Type 2 Diabetes
The incidence of Type 2 diabetes in youth in the US is rising, disproportionately more so in certain minority populations. Data also indicates a slight female predominance.
Note that the overall incidence of T2DM is lower than T1DM, so it is still more likely that a pediatric patient <20 years old with new-onset diabetes has T1DM.
- According to the SEARCH trial, the incidence of Type 2 diabetes from 2002 to 2012 increased by 7.1% overall = 9 per 100,000 in 2002-2003 to 13.8 per 100,000 in 2014-2015.
- An increase in incidence rate was seen in all age, sex, and race/ethnicity groups except the non-Hispanic white population
- The highest rate of change in incidence rates (AKA annual percent change) was observed in Asians or Pacific Islanders (7.7%) followed by Hispanics (6.5%), and non-Hispanic Blacks.
- Patients of American Indian ethnicity are more likely to present with Type 2 diabetes rather than Type 1 diabetes.
- A recent cross-sectional, multicenter prevalence study by Lawrence et al. (2021) showed that the prevalence of Type 2 diabetes has almost doubled in 10–19-year-olds from 0.34 to 0.67 per 1000 youths in 2001 and 2017 respectively.
- The greatest change in prevalence was again seen in non-Hispanic blacks and Hispanic youths.
While obesity prevalence rates have been associated with increased rates of Type 2 diabetes in all population groups, it is likely not the only explanation for the changes in incidence and prevalence seen in minority populations. Rather, this may represent genetic susceptibility toward insulin resistance. This is likely why a strong family history of T2DM is often seen among affected youths.
- 45-80% have at least one parent with DM and 74-100% have a first- or second-degree relative with T2DM.
Risk factors contributing to T2DM include:
- Increasing weight, rate of weight gain, BMI, waist-to-hip ratio, and central fat distribution
- Genetic background (ethnicity/race and other family genetics)
- Sedentary lifestyle
- Being small OR large for gestational age
- Being an infant of a diabetic mother
- Lack of (or shortened duration) of exclusive breastfeeding as an infant
Type 2 diabetes is caused by a combination of insulin resistance and the inability of the pancreatic β-cells to compensate with sufficient insulin secretion.
Type 2 diabetes is rarely seen in pre-pubertal children under ten years of age.
- Pubertal children have a natural, intrinsic increase in insulin resistance due to increased sex steroid production.
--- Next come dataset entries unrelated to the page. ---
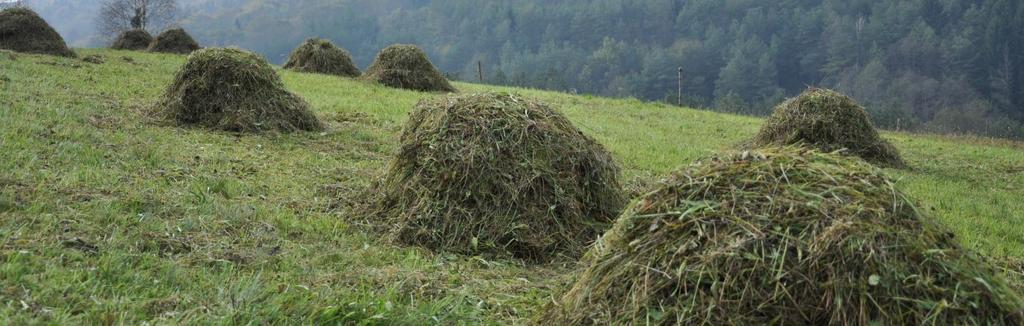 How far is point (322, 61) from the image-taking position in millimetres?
21906

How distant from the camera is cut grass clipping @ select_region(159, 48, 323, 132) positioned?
32.5 ft

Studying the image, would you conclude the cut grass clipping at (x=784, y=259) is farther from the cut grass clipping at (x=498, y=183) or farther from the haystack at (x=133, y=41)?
the haystack at (x=133, y=41)

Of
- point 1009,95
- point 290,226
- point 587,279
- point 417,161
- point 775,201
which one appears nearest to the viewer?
point 775,201

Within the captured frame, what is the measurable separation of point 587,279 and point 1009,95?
9461 centimetres

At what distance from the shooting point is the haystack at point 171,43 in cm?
2514

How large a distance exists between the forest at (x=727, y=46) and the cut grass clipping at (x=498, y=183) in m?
50.7

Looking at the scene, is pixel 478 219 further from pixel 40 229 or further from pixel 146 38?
pixel 146 38

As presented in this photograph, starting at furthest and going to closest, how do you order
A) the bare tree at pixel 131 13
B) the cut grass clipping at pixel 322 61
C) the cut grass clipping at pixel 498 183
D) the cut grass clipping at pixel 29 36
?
the bare tree at pixel 131 13 < the cut grass clipping at pixel 322 61 < the cut grass clipping at pixel 29 36 < the cut grass clipping at pixel 498 183

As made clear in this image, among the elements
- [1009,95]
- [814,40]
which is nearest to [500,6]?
[814,40]

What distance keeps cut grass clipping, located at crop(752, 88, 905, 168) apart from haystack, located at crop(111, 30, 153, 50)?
22.2 m

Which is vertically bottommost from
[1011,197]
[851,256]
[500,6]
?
[1011,197]

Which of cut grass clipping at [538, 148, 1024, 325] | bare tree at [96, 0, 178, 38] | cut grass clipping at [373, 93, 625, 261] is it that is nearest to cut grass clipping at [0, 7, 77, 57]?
cut grass clipping at [373, 93, 625, 261]

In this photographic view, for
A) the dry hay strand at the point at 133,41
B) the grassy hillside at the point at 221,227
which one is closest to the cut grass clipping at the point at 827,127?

Most children can compensate for this increased resistance by increasing β-cell insulin production.
- For those who are unable to compensate, a relative insulin deficiency develops.
- The addition of obesity, other risk factors, and genetic background can tip the scales even further and lead to the eventual emergence of clinical Type 2 diabetes.
Insulin resistance occurs mostly at the liver, muscle, and adipose tissue level, leading to metabolic derangements in glucose, protein, and lipid metabolism. This, in turn, causes vascular endothelial dysfunction leading to micro-and macro-vascular complications that occur earlier than in Type 1 diabetes.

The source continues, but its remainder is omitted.